> **Exercise goal**
From the first line to the last, transcribe the data exactly and skip the pictures.

> **Data extract**
****************************************

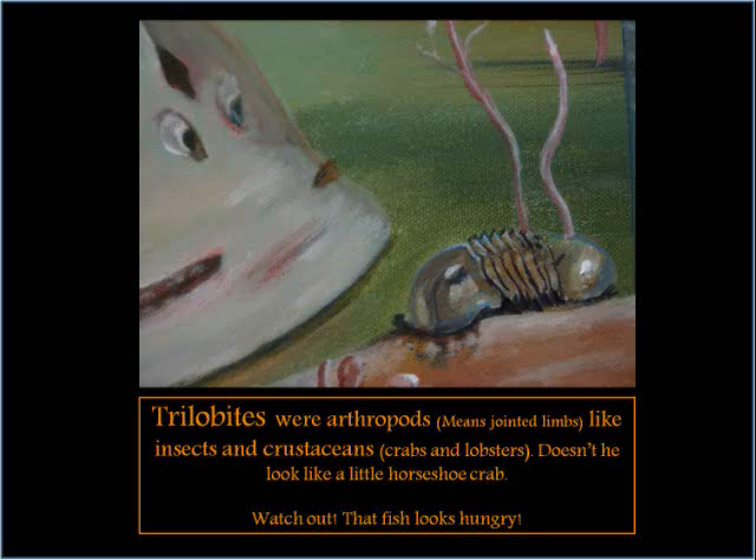Trilobites were arthropods, which means jointed limbs — like insects and crustaceans, crabs and lobsters. Doesn't he look like a little horseshoe crab? Watch out! That fish looks hungry!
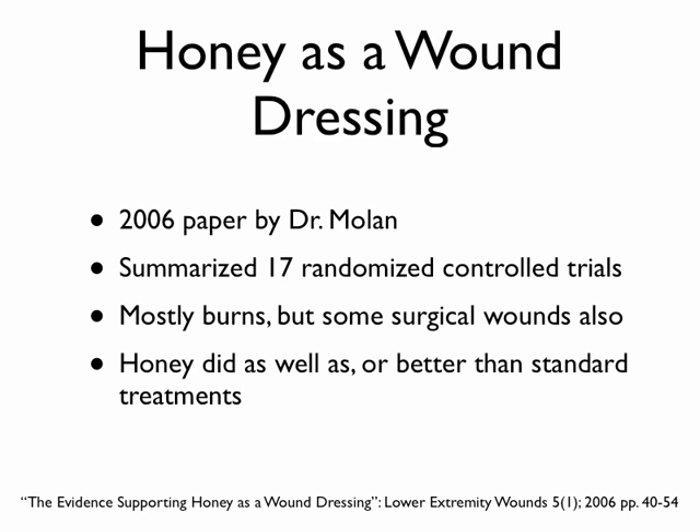This was 17 randomized controlled trials, which is a big deal. Randomized and controlled means that the people evaluating the results don't know which substance was used, so they can't have a bias leading results one way or the other — one of the better ways to look at a treatment effect. Most of these were burns, but there were also some surgical wounds, and the bottom line is honey did just as well as or better than some of the standard treatments.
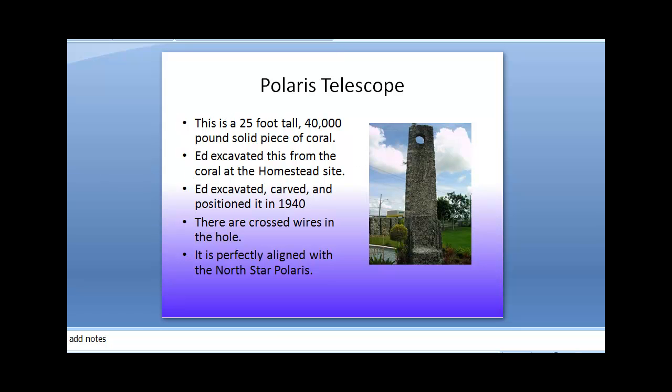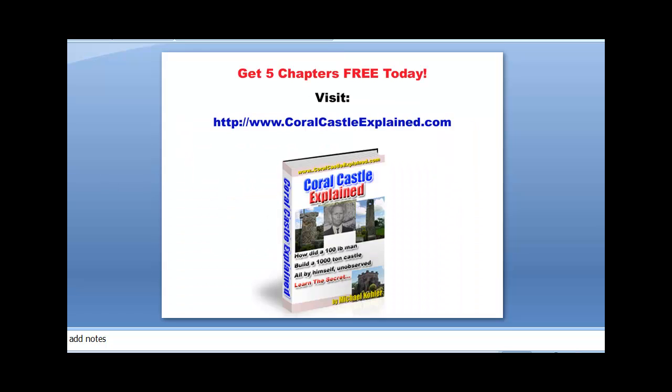How did he do it? Well, I have a few theories which you can read about at Coral Castle Explained. You can get five chapters free by visiting today.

****************************************

> **Task output**
Trilobites were arthropods, which means jointed limbs — like insects and crustaceans, crabs and lobsters. Doesn't he look like a little horseshoe crab? Watch out! That fish looks hungry!
This was 17 randomized controlled trials, which is a big deal. Randomized and controlled means that the people evaluating the results don't know which substance was used, so they can't have a bias leading results one way or the other — one of the better ways to look at a treatment effect. Most of these were burns, but there were also some surgical wounds, and the bottom line is honey did just as well as or better than some of the standard treatments.
How did he do it? Well, I have a few theories which you can read about at Coral Castle Explained. You can get five chapters free by visiting today.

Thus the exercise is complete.